As a retailer, when you log into a retail analytics dashboard, there are basic sales metrics you must check each day. You want to see sales performance for featured products, brands or whole categories. You also want to see which products are out of stock and then assign employees to follow up with suppliers so you can get those in stock as soon as possible. You want to confirm supplier invoicing and payments quickly and easily to identify any billing variances before they become issues. There are so many more ways you can use retail analytics to improve business relationships in your supply chain that you may have never known about.
If you use a data sharing solution, you can give suppliers access to your point-of-sale (POS) data. They can view your current levels of sales based on what actually happens in your brick-and-mortar locations. They will be able to adjust their order and delivery schedules to better meet your needs. Because you want to be connected to the suppliers in your value chain and make better business decisions, we put together these 9 ways you didn't realize you could be utilizing your retail analytics.
1. Analyze which products have dropped in sales month over month.
Using retail analytics, you can generate graphs and charts for every product or category. For example, use a linear graph to see how a product's sales fluctuate over a period of 12 months. Use a stacking bar graph to compare February 2015 sales with February 2016 sales for a product, or even an entire brand of products.
2. Forecast which items will sell out before the end of a feature or promotion.
While a product order may have already been placed with a supplier, you might need to place an emergency order during the promotion to keep from running out. Inventory analytics can help you know how much to order to keep your shelves full.
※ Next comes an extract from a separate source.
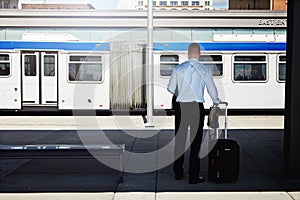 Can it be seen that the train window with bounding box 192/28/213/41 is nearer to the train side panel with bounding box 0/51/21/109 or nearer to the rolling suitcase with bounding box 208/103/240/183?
the train side panel with bounding box 0/51/21/109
3. Identify products that might sell more with a lower price point and how much you can increase prices without losing customers.
Using price and promotional evaluation tools, you can predict the increased sales velocity due to sales prices or other price reductions, which provides the ability to generate ROI. Those same tools can evaluate the effect of increasing price points, which allows for increased profits without decreased sales.
4. Identify products selling in other stores that could provide incremental sales.
You can utilize a distribution gap report to audit current products available by store location, and compare to top selling products by category to identify opportunities to add new products that can build overall category volume. This same report can be used to monitor shelf integrity and unauthorized products being delivered to your store locations.
5. Identify poor sellers to optimize your inventory.
These items may satisfy loyal customers, but in stores with small set sizes and limited merchandising real estate, it is important to maximize every square inch of shelf space. Category product ranking reports can help identify opportunities to optimize selection by replacing slow movers with better performing products.
6. Identify service level issues with Direct Store Delivery suppliers to ensure each of your store locations is properly maintained.
If you have store locations that are consistently out of stock, you may be impacted by poor supplier ordering practices, insufficient order and delivery frequency, or your store may be at the end of a delivery route. Use retail analytics to identify issues by supplier, and even by route or driver to make the necessary changes and maintain accountability on an ongoing basis.
7. Understand how your customers shop, what products they purchase together, and how to sell even more.
Gaining visibility to what is in your customers' shopping basket can provide significant insight into how they shop in your store, and what products they buy. Market basket and purchase affinity reports help to correlate products sales and establish trends that can be utilized to tailor promotions, displays and even marketing campaigns.
8. Evaluate promotions offered by suppliers, and adjust your promotional plans accordingly.
Once a promotion begins, the analytics dashboard offers instant feedback on sales. You can evaluate the effectiveness of a promotion the day after the event ends, without having to wait weeks for supplier or market data. This allows you to more quickly implement changes to future events using learning from past performance.
9. Analytics your way.
It's great to have a suite of reports and dashboards to help you hit the ground running, but a robust retail analytics solution should also provide you with the ability to customize views, filters, hierarchies, etc. to make the most efficient use of your time working with large amounts of data. You can utilize ad hoc analysis to pull reports based on your individual criteria.